College athletes often will give up their last year of eligibility for a chance to begin their professional careers early. The aura of signing a professional contract and the risk of injury guides the final decision. However, those athletes that make the leap may lose the chance to win a national championship and the opportunity to continue relationships with their teammates. By leaving school early, they may also miss out on valuable experiences that would enhance their pro careers.
Former LSU pitcher Louis Coleman represents the benefits of delaying entry into pro baseball for one last run. Coleman, drafted in the 14th round by the Washington Nationals after the 2008 season, returned to LSU for the 2009 season to help lift the Tigers to their sixth national championship.
“Coach (Paul) Mainieri was very kind and let me throw the last pitch in the College World Series,” Coleman, who pitched in 25 games during his senior season, said. “That meant a whole lot to me. Those are the exact reasons why I came back, and Coach Mainieri rewarded me. I couldn’t have written a better script or thought it out any better. I always wanted to play for a national championship, and in my senior year it was perfect.”
Following Coleman’s 2008 junior season, in which he posted an 8-1 record, he had a difficult decision to make. Go pro or return for his senior season.
“I think one of the main reasons I came back was the guys in the clubhouse,” Coleman said. “I had a lot of friends, and I wasn’t ready to leave that yet. I knew that pro ball would be there. I didn’t want to leave my teammates and wanted to climb the mountain from the year before.”
Besides the close relationship that Coleman had with his teammates, the opportunity to finish his college education and earn his degree was a factor in his decision. Between the 2008 and 2009 seasons, Mainieri was delighted with one of his top pitcher’s decision.

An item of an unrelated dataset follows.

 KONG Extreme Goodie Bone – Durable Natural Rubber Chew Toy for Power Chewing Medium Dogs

“Naturally, I was thrilled when Louis told me he would be with us for his senior season, because he’s an outstanding young man who was going to be vital to our team’s success,” Mainieri said. “He decided to continue to pursue his education and represent LSU in a first-class manner. His decision to return to LSU for his senior season was the best choice he could have possibly made, and his story is a tremendous example of the value of staying in school.”
The perfect ending to his college career also reaped personal benefits for Coleman. He garnered national attention as he finished the season as a first-team all-American and the SEC Pitcher of the Year. His accolades helped improve his draft stock significantly, and the Kansas City Royals drafted Coleman in the fifth round of the 2009 draft.

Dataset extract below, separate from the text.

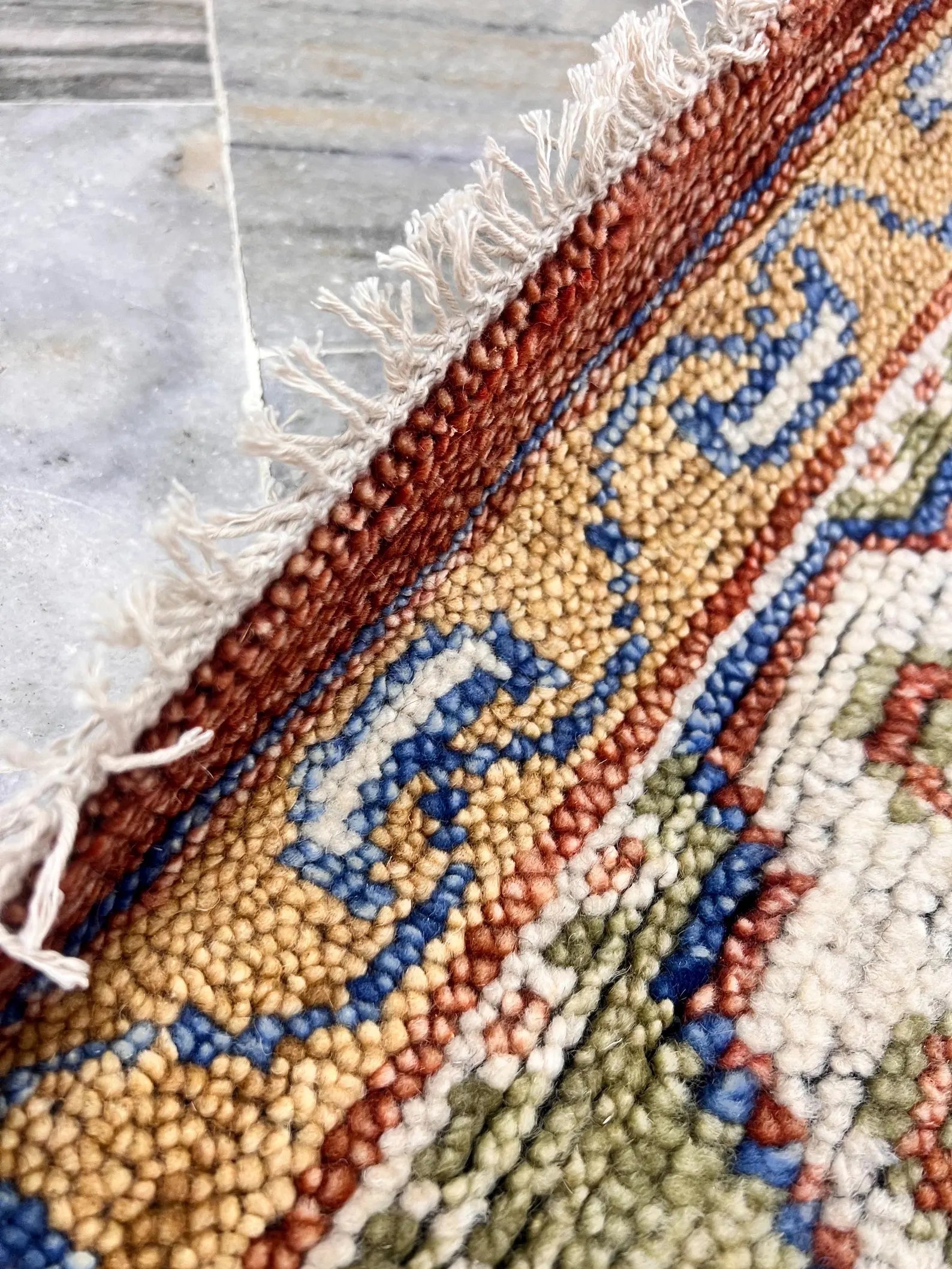 Hand-Knotted Mamluk Style 8x10 Rug, Deep Red, Blue & Gold Accent Oriental Carpet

“If you are a later-round guy your junior year, all you are going to do by going back to school is miss one year of pro ball,” Coleman said. “One more year in the SEC and Division I baseball, you are going to be playing the same caliber competition in at the High A pro level. You are actually playing better baseball at LSU. You’re getting great crowds. If you play really well you’re senior season you have a chance to skip those lower levels and that is a huge confidence boost going right into pro ball.”
Coleman excelled in the minors, registering 11 wins, 11 saves and a 2.16 ERA in two-plus seasons in Single A, Double A and Triple A. He made his major league debut for the Royals April 22 and has appeared in 23 games in relief, recording 29 strikeouts in 24.1 innings with a 2.59 ERA and a .159 opponent batting average.
"I enjoyed one of the best moments in my professional career the morning that I learned that Louis received the call to the big leagues,” Mainieri said. “That young man means so much to me and to LSU. He's an extremely talented player who lives his life in an exemplary way. He was an inspiration to all of us during his LSU career, and I know he will make a big impact with the Royals. All of us are so happy for Louis and his wonderful family."
On the flip side, Coleman believes that the guidance he received from Mainieri during his time at LSU directly influenced his quick ascendance through the minors.
“The philosophy that Coach Mainieri instilled has helped me immensely,” Coleman said. “He was always talking about the little things that matter the most. His philosophy of the game of baseball is very similar to what the Royals teach. When they were explaining new things to us, I had already heard it once or twice before.”